Key responsibilities
- Design, implement, and operate ETL/ELT pipelines that consume raw events and legacy data sources (batch + stream).
- Build and maintain a core highly-granular event table (single source of truth) and a set of optimized rolled-up reporting tables for fast Looker/BI queries and front-end reporting.
- Implement minute / near-real-time rollups and support re-roll/ re-computation when late data arrives.
- Work with streaming infrastructure (Kafka or similar) to ingest and process events; design low-latency pipelines and minute-level aggregation jobs.
- Tune schema design, partitioning, and clustering strategy for analytical stores to enable predictable performance at scale.
- Query raw event data for research and debugging; produce ad-hoc analysis and root-cause investigations.
- Read application code to understand what is being logged, propose additional instrumentation, and ensure event schemas are robust for analytics.
- Perform gap analysis for business reporting requestspropose pragmatic technical solutions and implementation plans.
- Support and improve legacy reporting (multiple older DBs and calculation logic); document and standardize transformation logic.
- Design/partner on BI models (LookML, Tableau data sources, Power BI datasets) and collaborate with analysts and Product to expose the right metrics and dimensions.
- Write clear documentation, tests, and monitoring/alerts for data quality and pipeline health.

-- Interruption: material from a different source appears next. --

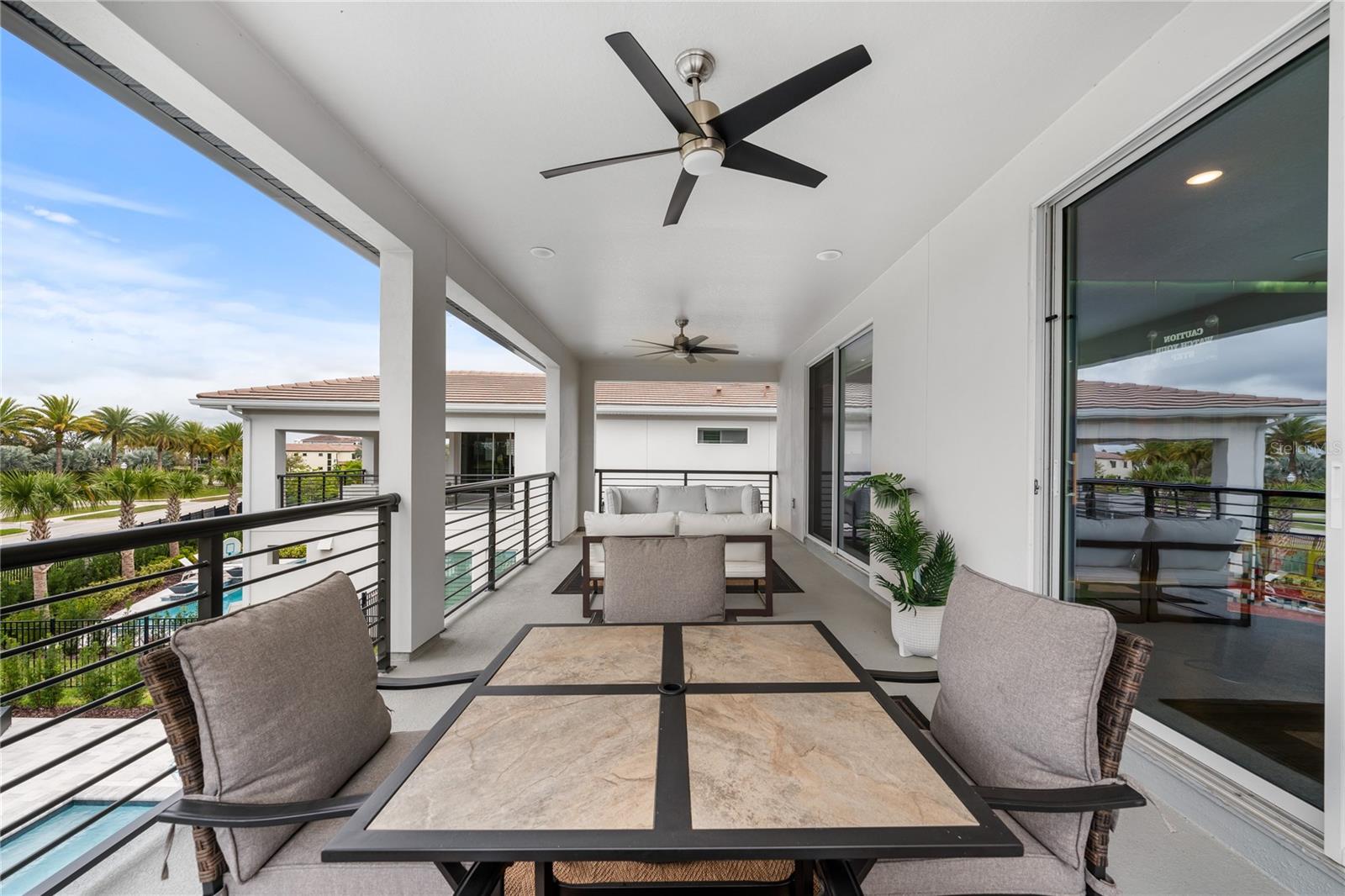 REUNION WEST 17TH & 18TH FAIRWAYS PH 2 - Residential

Must-have skills / experience
- 4+ years working with large big datasets in production (event data, clickstreams, ad metrics).
- Strong SQL skills and ability to author performant analytical queries (window functions, aggregates, time-series).
- Experience with analytic columnar/OLAP stores (ClickHouse strongly preferred).
- Experience with data-lake/ query engines (Trino/Presto, Hive) or comparable query engines.
- Practical experience with streaming systems (Kafka or equivalent) and real-time processing patterns (minute rollups, stream materialized views).
- Experience working with BI tools (Looker, Tableau, Power BI, etc.): Building datasets, modeling metrics/dimensions, and making datasets performant for dashboarding and self-serve analytics.
- Familiarity with CI/CD for data jobs, dbt, or orchestration tools (Airflow, Prefect): Able to ship repeatable, tested pipelines and support automated backfills/re-rolls.
- Solid understanding of data partitioning, sharding, and physical schema choices that affect query performance in clustered stores.
- Comfortable reading application code to discover what is being logged and to propose instrumentation changes.
- Good statistics/math literacy (means, standard deviation, percentiles, sampling) and working knowledge of ad metrics (CPM, RPM, CTR) used to validate reporting and optimize ad delivery.
- Strong debugging mindset: Able to investigate data lineage, late/duplicate events, and data quality issues.
- Clear communicator who can explain technical tradeoffs and write documentation.
Nice-to-have
- Hands-on ClickHouse schema design and tuning experience.
- Experience managing or operating Hadoop/Trino/Hive clusters.
- Experience with additional stream processors (e.g., Flink, Spark Structured Streaming) or real-time materialized view systems.
- Experience with LookML specifically (or deep Tableau/Power BI modeling experience).
- Experience with monitoring, SLAs for data latency, and data quality frameworks (tests, alerts, observability).
What success looks like in the first 3-6 months
- Delivered at least one new reporting pipeline from raw events to Looker/Tableau-ready tables with documentation and monitoring.
- Implemented a robust minute/near-real-time rollup
- Performed a gap analysis for 2 legacy reports and delivered a plan (and at least one quick win) to standardize/improve accuracy.
- Demonstrated reproducible processes to re-compute or backfill aggregated tables when late data arrives.
Work Details:
- Schedule: Monday to Friday, 6:00am- 3:00pm or 7:00am- 4:00pm (PH Time); depending on business needs
- Location: Makati | *Work from Home Until Further Notice
- Status: Full Time employment